Massimo Fichera is Academy of Finland Research Fellow and Adjunct Professor in EU Law at the Faculty of Law, University of Helsinki. He was previously, in the same University, Lecturer in European Studies at the Network for European Studies, and Post-Doctoral Fellow at the Faculty of Law, University of Helsinki. His interests lie in constitutional theory, European Union Law and the interaction between European Union Law and International Law. Before joining the University of Helsinki, he completed his PhD at the University of Edinburgh and carried out research during his internships in several international organizations, including the European Commission and the United Nations. He holds a degree in Law (University of Messina) and a Master in International Affairs (ISPI, Milan) and qualified as Avvocato in Italy. He has been Visiting Research Fellow at the Universities of Lund and Edinburgh and at the European University Institute and has produced policy papers and consultancy work for a number of institutions, such as the European Commission.

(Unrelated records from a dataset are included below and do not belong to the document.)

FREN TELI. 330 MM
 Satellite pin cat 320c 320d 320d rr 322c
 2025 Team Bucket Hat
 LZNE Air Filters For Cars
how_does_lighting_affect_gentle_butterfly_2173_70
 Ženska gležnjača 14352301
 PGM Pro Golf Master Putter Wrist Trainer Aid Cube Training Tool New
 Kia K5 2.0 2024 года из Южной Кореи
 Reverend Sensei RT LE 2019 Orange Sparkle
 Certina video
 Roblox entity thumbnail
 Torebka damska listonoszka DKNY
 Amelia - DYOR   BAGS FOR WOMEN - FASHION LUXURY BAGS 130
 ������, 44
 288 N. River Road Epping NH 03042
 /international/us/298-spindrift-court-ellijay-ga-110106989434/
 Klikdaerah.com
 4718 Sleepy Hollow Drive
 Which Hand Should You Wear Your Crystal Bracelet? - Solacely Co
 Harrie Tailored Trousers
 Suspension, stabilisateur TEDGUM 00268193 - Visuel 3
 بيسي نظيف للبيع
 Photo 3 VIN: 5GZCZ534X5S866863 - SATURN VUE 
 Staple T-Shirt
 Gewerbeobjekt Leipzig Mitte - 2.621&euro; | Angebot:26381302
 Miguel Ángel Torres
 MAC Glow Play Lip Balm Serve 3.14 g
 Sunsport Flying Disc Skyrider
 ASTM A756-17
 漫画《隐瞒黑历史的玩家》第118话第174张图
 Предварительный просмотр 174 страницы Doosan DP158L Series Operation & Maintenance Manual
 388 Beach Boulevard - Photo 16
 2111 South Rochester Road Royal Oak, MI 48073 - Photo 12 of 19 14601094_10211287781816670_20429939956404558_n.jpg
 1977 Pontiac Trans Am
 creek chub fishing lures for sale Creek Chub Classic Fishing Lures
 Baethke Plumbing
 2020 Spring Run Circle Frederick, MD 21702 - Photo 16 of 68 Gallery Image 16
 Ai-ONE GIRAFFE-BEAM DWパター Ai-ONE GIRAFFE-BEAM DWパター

His latest monograph is “The Foundations of the European Union as a Polity” (Edward Elgar).
Massimo Fichera
The Foundations of the European Union as a Polity.
The overall purpose of this project is to reconsider the foundations of the European Union (EU) as a polity. The EU is normally configured as an internal market with an essentially economic core. From this perspective, the traditional narrative depicts the liberal project of European integration as the gradual and progressive development from an economic community, in which fundamental rights are absent, to a fully fledged organization or polity, which is "founded on the values of respect for human dignity, freedom, democracy, equality, the rule of law and respect for human rights (...). According to this narrative, the European Community/EU, whose original spirit is that of preventing the return of war among European countries, would have finally emerged as an "enlightened" human rights regime, thanks to the initiative of a few outstanding political leaders and the relentless activity of the Court of Justice of the European Union (ECJ). The culmination of this development would be the achievement of an "area of freedom, security and justice" (AFSJ), which is, in the words of the Treaty of Lisbon, "offered" by the EU to its citizens.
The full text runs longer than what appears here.